API Reference for NVIDIA NIM for Object Detection#

This documentation contains the API reference for NVIDIA NIM for Object Detection.

OpenAPI Specification#

You can download the complete page-elements API spec, graphic-elements API spec, and table-structure API spec.

API Examples#

The Object Detection NIM supports multiple models for page element, table structure, and graphic element detection. This section provides examples that use the Page Elements NIM, but the API is the same for all models.

See the Table Structure & Graphic Element Example sections for sample images and output to expect if these NIMs were used instead.

Compute Bounding Boxes#

The v1/infer endpoint accepts multiple images and returns a list of bounding boxes for each image. The bounding box coordinates are defined with respect to the top-left corner of the image. This means that:

  • x: Represents the horizontal distance from the left edge of the image to the left edge of the bounding box.

  • y: Represents the vertical distance from the top edge of the image to the top edge of the bounding box.
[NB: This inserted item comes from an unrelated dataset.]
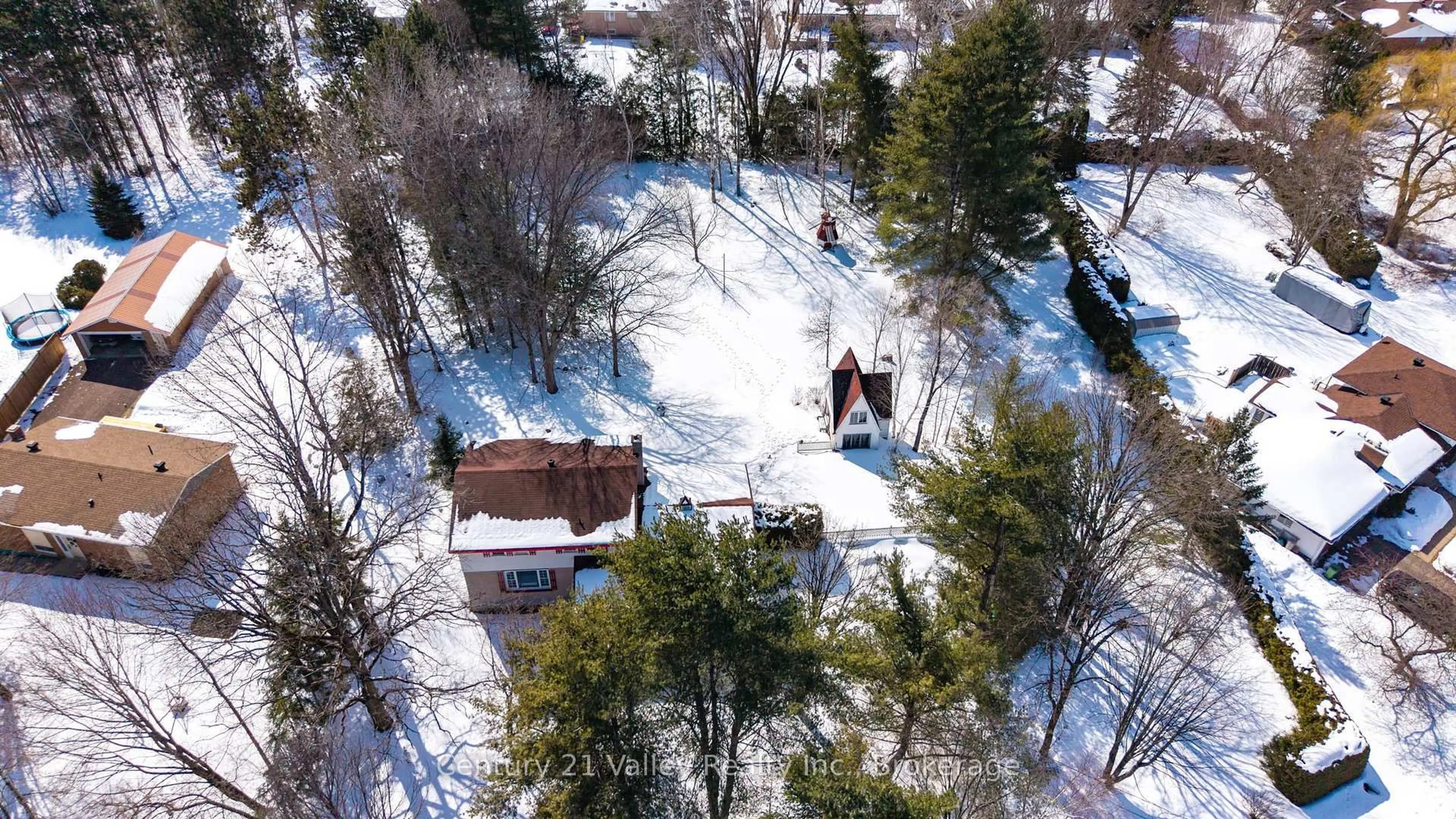 A pic from outside/outdoor area/front of a property/back of a property/a pic from drone, unknown for 775 Pinegrove Cres, Petawawa Ontario K8A 7E3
The only supported type is image_url.

Each image must be base64 encoded, and should be represented in the following JSON format. The supported image formats are png and jpeg.

{
  "type": "image_url",
  "url": "data:image/<IMAGE_FORMAT>;base64,<BASE64_ENCODED_IMAGE>"
}

An inference request has an entry for input. The value for input is an array of dictionaries that contain fields type and url. For example, a JSON payload of three images looks like the following:

{
  "input": [
    {
      "type": "image_url",
      "url": "data:img/png;base64,<BASE64_ENCODED_IMAGE>"
    },
    {
      "type": "image_url",
      "url": "data:img/png;base64,<BASE64_ENCODED_IMAGE>"
    },
    {
      "type": "image_url",
      "url": "data:img/png;base64,<BASE64_ENCODED_IMAGE>"
    }
  ]
}

cURL Example

API_ENDPOINT="http://localhost:8000"

# Create JSON payload with base64 encoded image
# Set your image source - can be a URL or a local file path
IMAGE_SOURCE="https://assets.ngc.nvidia.com/products/api-catalog/nemo-retriever/object-detection/page-elements-example-1.jpg"
# IMAGE_SOURCE="path/to/your/image.jpg"  # Uncomment to use a local file instead

# Encode the image to base64 (handles both URLs and local files)
if [[ $IMAGE_SOURCE == http* ]]; then
  # Handle URL
  BASE64_IMAGE=$(curl -s ${IMAGE_SOURCE} | base64 -w 0)
else
  # Handle local file
  BASE64_IMAGE=$(base64 -w 0 ${IMAGE_SOURCE})
fi

# Construct the full JSON payload
JSON_PAYLOAD='{
  "input": [{
    "type": "image_url",
    "url": "data:image/jpeg;base64,'${BASE64_IMAGE}'"
  }]
}'

# Send POST request to inference endpoint
echo "${JSON_PAYLOAD}" | \
  curl -X POST "${API_ENDPOINT}/v1/infer" \
  -H 'accept: application/json' \
  -H 'Content-Type: application/json' \
  -d @-

The following image is used as the input in the previous example.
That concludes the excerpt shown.